Resilient: Critical infrastructure resources must remain intact, even with customer actions.
Scalable: Deploying and managing numerous clusters efficiently is crucial.
Most traditional Kubernetes management solutions were not suitable for Cloud Providers as they miss the key features to fulfill the requirements: ensuring resource consistency while preventing customer disruptions.
To address these challenges, Dinova adopted Kamaji for control plane management and Sveltos for resource provisioning and drift detection.
Kamaji is a Kubernetes Control Plane Manager that allows service providers to run tenant cluster control planes as pods within a central management cluster, rather than on dedicated machines for each tenant. This approach, often called "Hosted Control Plane", is specifically designed for CSPs/MSPs and it’s based on the same underlying principles used by larger hyperscalers. It offers several benefits when compared with more traditional solutions:
Cost Efficiency: By running control planes as pods instead of virtual machines, it significantly reduces the infrastructure footprint. Kamaji eliminates the need for separate control plane nodes for each tenant cluster, saving on compute resources.
Scalability: Kamaji makes it easy to deploy hundreds or thousands of tenant clusters. For example, benchmarks show that Kamaji can provision a control plane in under 16 seconds and reconcile 100 control planes in less than 150 seconds.
Isolation: Each tenant’s control plane runs in its own isolated namespace within the management cluster, ensuring hard multi-tenancy. Tenants consume their Control Plane as a Service, without directly accessing the running pods, so they have neither visibility nor access into each other’s clusters.

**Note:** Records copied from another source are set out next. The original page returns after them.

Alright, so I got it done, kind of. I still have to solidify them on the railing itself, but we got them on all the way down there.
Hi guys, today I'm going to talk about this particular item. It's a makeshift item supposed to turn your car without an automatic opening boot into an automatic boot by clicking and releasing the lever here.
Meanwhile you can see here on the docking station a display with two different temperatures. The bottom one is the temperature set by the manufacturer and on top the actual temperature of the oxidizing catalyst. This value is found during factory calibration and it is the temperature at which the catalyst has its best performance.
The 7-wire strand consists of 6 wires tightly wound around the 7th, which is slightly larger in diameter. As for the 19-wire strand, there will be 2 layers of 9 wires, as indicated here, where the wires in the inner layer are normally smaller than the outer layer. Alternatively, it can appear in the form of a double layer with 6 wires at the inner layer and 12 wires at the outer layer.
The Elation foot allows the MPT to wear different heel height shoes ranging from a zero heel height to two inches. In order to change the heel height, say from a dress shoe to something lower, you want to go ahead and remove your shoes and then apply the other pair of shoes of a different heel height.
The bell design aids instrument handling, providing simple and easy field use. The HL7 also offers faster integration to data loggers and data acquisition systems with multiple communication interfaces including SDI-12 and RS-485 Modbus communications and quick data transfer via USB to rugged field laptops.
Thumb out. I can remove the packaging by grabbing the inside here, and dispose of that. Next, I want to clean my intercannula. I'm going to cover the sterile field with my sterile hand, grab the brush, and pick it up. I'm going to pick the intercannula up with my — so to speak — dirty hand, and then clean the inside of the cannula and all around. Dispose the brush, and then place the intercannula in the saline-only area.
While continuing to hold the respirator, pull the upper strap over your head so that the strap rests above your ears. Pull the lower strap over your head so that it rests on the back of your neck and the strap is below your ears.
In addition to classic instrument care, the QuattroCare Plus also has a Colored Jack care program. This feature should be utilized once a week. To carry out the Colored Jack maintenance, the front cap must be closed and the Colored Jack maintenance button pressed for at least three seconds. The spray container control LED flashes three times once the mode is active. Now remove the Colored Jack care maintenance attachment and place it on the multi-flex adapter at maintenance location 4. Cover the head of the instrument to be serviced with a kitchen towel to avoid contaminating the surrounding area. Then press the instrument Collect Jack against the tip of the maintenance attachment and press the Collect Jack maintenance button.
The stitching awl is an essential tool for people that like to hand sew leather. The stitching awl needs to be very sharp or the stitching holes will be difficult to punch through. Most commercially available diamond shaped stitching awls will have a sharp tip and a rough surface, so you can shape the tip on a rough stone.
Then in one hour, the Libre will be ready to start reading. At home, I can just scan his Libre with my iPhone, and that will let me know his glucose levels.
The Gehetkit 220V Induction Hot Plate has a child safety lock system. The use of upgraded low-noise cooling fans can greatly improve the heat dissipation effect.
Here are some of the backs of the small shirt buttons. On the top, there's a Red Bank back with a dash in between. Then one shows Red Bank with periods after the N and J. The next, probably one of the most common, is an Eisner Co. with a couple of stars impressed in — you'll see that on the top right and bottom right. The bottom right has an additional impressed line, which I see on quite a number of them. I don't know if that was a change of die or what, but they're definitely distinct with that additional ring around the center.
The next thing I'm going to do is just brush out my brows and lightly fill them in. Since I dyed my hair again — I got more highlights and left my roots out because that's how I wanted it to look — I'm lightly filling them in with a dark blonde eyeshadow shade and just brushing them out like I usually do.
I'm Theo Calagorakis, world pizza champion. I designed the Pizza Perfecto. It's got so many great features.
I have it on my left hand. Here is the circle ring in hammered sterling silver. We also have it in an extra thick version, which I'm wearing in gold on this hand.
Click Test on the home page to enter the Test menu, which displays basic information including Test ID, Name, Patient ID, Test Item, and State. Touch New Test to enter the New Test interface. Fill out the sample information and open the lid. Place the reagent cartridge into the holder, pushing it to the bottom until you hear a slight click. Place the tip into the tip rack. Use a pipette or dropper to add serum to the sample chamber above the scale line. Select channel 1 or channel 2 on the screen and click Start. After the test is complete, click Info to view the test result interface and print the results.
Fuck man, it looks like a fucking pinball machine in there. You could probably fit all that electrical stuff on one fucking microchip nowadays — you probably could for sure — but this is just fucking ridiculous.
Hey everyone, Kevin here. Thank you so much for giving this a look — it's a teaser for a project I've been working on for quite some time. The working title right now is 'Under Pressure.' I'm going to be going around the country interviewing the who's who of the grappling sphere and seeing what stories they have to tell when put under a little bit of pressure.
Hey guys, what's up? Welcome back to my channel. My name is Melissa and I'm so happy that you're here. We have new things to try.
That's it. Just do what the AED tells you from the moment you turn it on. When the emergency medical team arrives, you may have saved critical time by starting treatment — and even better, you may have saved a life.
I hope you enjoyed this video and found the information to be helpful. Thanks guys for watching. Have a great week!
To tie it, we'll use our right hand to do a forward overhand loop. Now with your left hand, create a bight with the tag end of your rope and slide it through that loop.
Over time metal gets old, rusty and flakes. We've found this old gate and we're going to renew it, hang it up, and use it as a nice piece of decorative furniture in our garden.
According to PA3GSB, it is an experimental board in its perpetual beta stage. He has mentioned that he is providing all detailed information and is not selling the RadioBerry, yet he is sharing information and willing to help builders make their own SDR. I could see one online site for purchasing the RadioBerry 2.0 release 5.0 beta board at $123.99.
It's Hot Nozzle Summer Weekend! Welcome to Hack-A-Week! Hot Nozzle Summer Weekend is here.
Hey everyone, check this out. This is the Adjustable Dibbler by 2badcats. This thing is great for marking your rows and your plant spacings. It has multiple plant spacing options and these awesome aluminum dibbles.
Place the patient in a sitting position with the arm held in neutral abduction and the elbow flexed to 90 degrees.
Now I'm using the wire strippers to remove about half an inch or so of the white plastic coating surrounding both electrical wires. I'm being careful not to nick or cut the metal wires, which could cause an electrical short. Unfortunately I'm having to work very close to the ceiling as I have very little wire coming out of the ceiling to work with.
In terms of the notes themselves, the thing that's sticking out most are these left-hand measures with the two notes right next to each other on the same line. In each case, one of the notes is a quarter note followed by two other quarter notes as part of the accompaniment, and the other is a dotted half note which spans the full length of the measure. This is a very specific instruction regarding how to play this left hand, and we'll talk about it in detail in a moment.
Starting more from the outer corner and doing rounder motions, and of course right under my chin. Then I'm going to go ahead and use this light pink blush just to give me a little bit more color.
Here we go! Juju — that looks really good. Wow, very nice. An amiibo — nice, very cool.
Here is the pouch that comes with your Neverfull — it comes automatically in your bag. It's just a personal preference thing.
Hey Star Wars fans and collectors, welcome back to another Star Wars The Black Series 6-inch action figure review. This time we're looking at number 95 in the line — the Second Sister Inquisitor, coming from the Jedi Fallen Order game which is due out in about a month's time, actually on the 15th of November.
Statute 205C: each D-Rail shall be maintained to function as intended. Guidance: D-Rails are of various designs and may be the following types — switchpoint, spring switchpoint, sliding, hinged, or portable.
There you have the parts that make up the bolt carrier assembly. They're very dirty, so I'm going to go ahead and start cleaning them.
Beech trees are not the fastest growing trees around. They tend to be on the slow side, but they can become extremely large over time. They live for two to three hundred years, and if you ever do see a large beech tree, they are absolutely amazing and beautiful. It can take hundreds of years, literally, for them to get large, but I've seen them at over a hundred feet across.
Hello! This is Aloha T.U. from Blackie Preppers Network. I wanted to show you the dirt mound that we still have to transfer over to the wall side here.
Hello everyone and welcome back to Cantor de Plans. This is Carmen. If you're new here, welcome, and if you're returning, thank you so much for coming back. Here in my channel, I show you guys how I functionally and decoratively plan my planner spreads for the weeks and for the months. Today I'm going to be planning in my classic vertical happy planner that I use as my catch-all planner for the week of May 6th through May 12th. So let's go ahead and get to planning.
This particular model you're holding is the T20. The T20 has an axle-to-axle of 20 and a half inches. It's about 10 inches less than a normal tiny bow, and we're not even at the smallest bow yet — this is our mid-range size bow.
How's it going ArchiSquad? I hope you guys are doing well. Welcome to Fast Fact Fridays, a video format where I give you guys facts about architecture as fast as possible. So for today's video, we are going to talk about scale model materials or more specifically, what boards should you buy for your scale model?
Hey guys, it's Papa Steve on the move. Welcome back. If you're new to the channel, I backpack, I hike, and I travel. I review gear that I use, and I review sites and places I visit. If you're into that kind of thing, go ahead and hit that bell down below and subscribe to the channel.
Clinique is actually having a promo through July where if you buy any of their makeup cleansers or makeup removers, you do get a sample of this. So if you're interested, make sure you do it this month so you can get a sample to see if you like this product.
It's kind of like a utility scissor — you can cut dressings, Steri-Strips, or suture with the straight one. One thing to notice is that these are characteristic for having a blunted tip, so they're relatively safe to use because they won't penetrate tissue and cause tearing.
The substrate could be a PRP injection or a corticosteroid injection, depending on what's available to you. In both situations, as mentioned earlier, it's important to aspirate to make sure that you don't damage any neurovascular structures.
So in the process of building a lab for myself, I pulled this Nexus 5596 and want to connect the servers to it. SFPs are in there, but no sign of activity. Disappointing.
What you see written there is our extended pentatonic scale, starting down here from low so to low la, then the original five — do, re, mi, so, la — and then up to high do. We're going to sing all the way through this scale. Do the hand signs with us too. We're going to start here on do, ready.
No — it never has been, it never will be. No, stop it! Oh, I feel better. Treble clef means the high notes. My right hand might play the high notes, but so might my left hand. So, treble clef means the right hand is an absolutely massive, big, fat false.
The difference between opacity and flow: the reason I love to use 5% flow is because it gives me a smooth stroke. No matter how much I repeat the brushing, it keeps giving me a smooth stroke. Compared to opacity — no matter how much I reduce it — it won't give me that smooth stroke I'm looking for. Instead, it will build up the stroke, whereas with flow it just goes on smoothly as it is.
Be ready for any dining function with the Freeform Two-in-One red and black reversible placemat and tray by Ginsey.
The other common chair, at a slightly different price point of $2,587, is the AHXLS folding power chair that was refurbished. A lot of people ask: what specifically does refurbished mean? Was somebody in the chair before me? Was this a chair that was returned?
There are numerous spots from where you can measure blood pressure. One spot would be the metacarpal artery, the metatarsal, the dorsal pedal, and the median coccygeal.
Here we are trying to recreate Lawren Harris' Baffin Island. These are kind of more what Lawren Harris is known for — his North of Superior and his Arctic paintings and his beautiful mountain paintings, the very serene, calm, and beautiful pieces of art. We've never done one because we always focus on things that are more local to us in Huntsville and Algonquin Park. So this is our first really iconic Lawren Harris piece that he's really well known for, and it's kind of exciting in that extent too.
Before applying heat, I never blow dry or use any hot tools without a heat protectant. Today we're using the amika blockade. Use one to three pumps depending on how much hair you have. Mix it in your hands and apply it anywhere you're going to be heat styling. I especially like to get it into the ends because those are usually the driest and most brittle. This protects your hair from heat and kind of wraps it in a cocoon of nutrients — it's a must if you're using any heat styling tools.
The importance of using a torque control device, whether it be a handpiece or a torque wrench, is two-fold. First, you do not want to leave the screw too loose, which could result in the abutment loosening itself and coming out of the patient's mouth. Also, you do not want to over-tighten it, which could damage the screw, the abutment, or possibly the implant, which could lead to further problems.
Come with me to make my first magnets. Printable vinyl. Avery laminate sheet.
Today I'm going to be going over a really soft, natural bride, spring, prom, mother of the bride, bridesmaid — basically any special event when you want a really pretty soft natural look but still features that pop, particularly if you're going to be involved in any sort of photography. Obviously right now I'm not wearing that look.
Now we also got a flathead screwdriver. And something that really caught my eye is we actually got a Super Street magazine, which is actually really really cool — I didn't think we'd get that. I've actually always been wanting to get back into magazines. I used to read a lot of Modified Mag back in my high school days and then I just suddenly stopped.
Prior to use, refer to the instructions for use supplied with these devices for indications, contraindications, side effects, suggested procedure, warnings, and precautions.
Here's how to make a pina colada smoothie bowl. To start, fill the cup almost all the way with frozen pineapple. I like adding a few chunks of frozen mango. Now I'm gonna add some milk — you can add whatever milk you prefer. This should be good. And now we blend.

Dinova installed Kamaji via Helm, following the official documentation, and configured it to use a dedicated datastore to store the state of each tenant cluster. For each customer, they create a TenantControlPlane resource, which Kamaji uses to spin up one or more dedicated control plane pods. The worker nodes for each tenant cluster are then joined to this control plane, running on separate virtual machines or bare metal instances in their infrastructure.
This setup allows them to provide each customer with a fully compliant Kubernetes cluster that feels like a dedicated instance, while they manage the control planes efficiently behind the scenes.
While Kamaji handles the control planes, Sveltos manages the provisioning of infrastructure resources across the tenant clusters. Sveltos is an open source Kubernetes add-on controller that runs in the management cluster and deploys resources to managed clusters (in their case, the tenant clusters created by Kamaji). Here’s how they use it:
Transparent Provisioning: Sveltos allows to programmatically deploy Kubernetes resources (e.g., add-ons, applications, or infrastructure components) to each tenant cluster without exposing the process to the customer. They define resources as Helm charts, raw YAML, or Kustomize manifests in the management cluster, and Sveltos ensures they are deployed to the appropriate tenant clusters.
Cluster Selection: Sveltos uses ClusterSelector labels to target specific tenant clusters. For example, they label each tenant cluster with metadata like customer=acme
or env=production
, and Sveltos deploys resources only to clusters matching those labels. This ensures that each customer gets the right set of resources tailored to their needs.
Integration with Cluster API: Since Kamaji integrates with Cluster API for worker node management, they use Sveltos alongside Cluster API to provision worker nodes. For instance, they define MachineDeployment resources in Cluster API to create worker nodes on the infrastructure (e.g., vSphere), and Sveltos ensures that additional resources like networking add-ons (e.g., Calico) or storage solutions (e.g., Longhorn) are deployed to those nodes.
By combining Kamaji and Sveltos, Dinova can fully automate the creation and configuration of tenant clusters. The customer simply requests a cluster, and they handle the rest: Kamaji spins up the control plane, Cluster API provisions the worker nodes, and Sveltos deploys the necessary resources, all without the customer needing to interact with the underlying infrastructure.
One of the biggest risks in a managed Kubernetes service is that customers might accidentally delete or modify critical infrastructure resources such as networking components, storage classes, or RBAC policies that are required for the cluster to function properly. To mitigate this, they rely heavily on Sveltos’ syncMode: ContinuousWithDriftDetection feature.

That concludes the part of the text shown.